The reason we've gone through this example is that:
  • Graphs are everywhere in the world,
  • The graph captures things that we know,
  • Graphs can describe patterns of interest,
  • Graphs may also contain patterns of interest,
  • Graph patterns can be learned either by humans or machines,
  • Some patterns are better than others.
Where we would "query" a traditional relational database in SQL to get answers, we traverse a graph to get answers, and there are traversal languages like Cypher and Gremlin that are analogous to SQL but more powerful because graph patterns are more expressive. 

Graph Databases:

The graph database is a relatively recent invention. Graph databases allow us to save and operate on graphs that are too big to fit into computer memory. And they employ a lot of cleverness to make those operations fast. From the sound of things, we've had graph databases all along. Graphs express relationships, and we have relational databases. So problem solved, right? But the term "relational database" that we are all familiar with is a misnomer because the "relationships" in a relational database are implicit. Vertex-edge-vertex relationships are never stored explicitly. Let's say we have a table of customers and a table of customer orders, looking something like the picture below. 

There is a relationship in the real world between customers and orders, but it isn't really there in the database. The relationships in a relational database only become real through a "relational join" operation. That's how we "relate" a customer to their orders in a relational database, and the "Cust no." field in the Orders table above serves as a "foreign key" to facilitate that relational join. This is how 1-to-many relationships are done in relational databases. Relational joins are messy and expensive operations. 

Graph databases take a different approach. They make the relationships explicit. The equivalent customer/order data, represented in a graph database would look something like this, where the link arrows replace the foreign keys:

If we wanted to find all orders by Jack Frost in this graph database, rather than doing a relational join, we would traverse from the Jack Frost vertex to all Order vertices directly connected to it. 

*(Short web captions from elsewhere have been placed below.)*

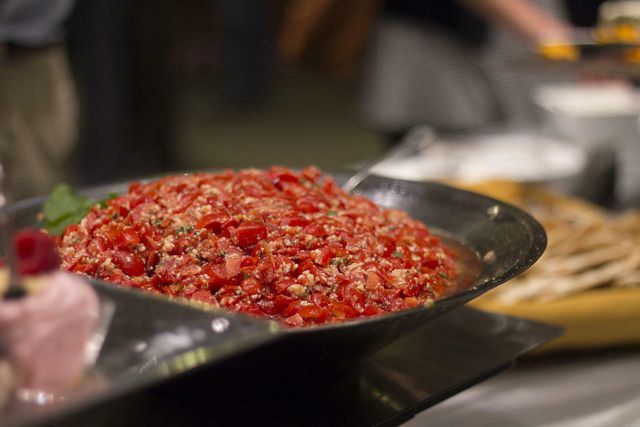 Salsa is a flavored substitute for tomato puree and would go well with a pasta or pizza.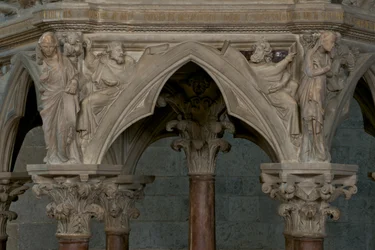 El púlpito en la iglesia de Sant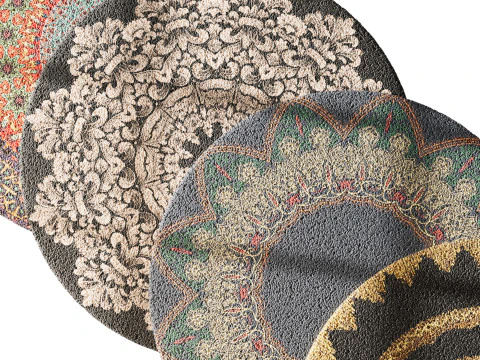 Tappeto rotondo 7 Modello 3D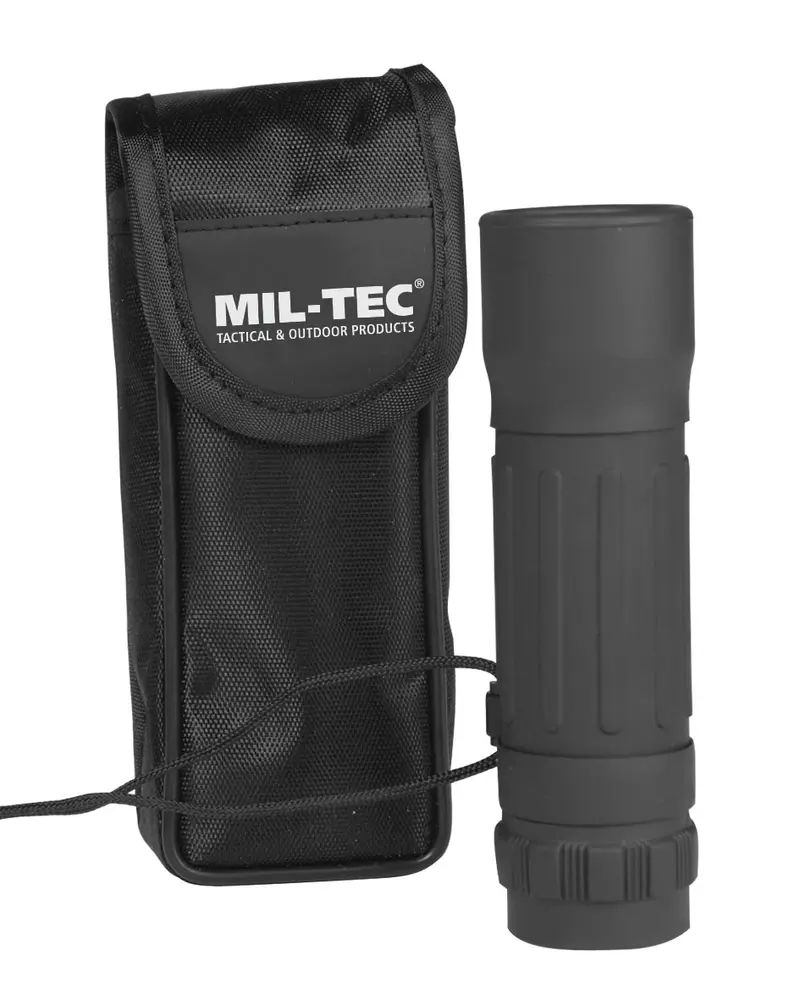 Mil-Tec Monóculo 10x25 - Prismático Monocular Compacto Negro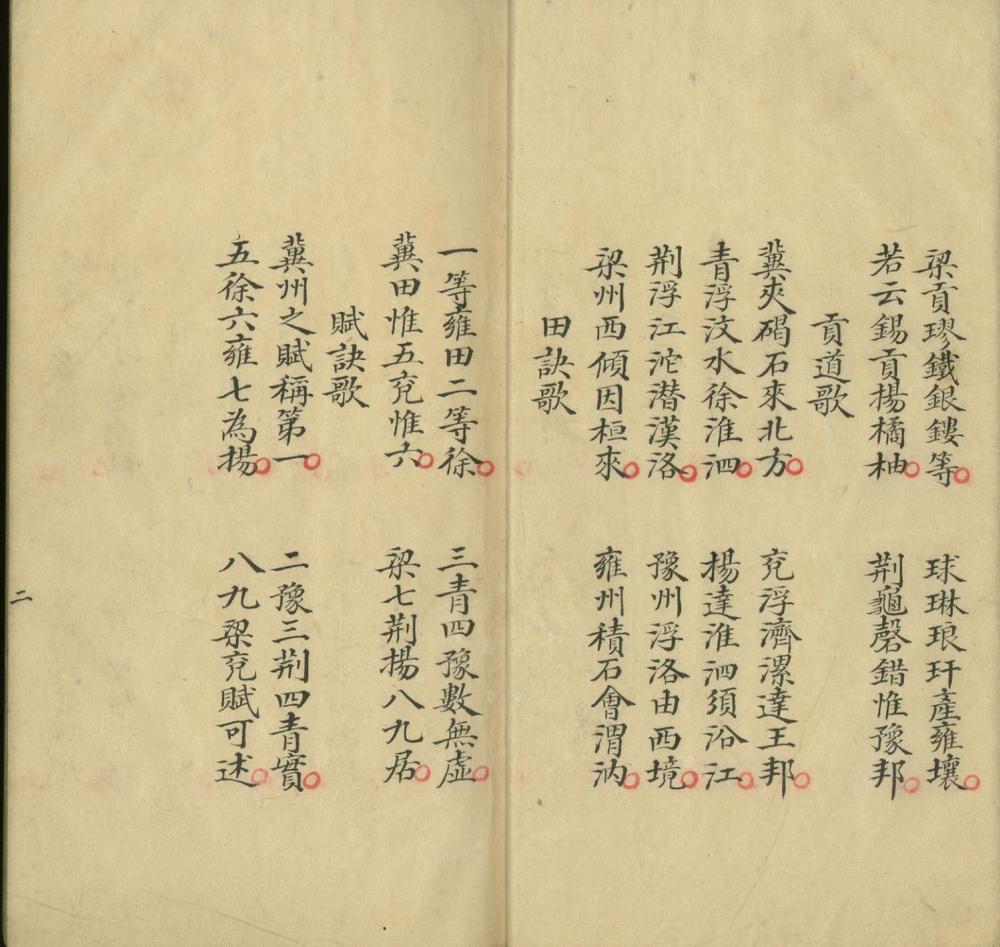 _禹贡节注便读一卷禹贡歌诀一卷__ _禹贡节注便读一卷禹贡歌诀一卷__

Why, and When We Should Prefer Graph Databases to Relational Ones:

In the case of customers and their orders from the previous example, there is a 1-to-many relationship between customers and orders. The relational database will work fine for those kinds of relationships. But relational databases are not so good where many-to-many relationships need to be modeled. Consider the case where instead of a retail business with customers and orders, we are modeling a book club with members and the books they've read. It sounds like all we'd need to do is change the names of things. It's the same thing, right? But now two club members might have read the same book. it turns out that in the relational database version, this leads to a very different data model. We have to add a new table that captures only the relationships and then we need relational joins to make use of the relationships. Those tables will end up looking something like this:

You might say that the Readings table makes the relationships explicit. In a trivial sense it does because there is one row in the table per graph edge, but in a bigger sense it doesn't because there are still no vertex-edge-vertex relationships without a relational join. In fact, now we need two expensive relational joins. And this is a pretty simple example of a many-to-many relationship. More complex examples require more joins and performance rapidly degrades, not to mention the demands on memory. 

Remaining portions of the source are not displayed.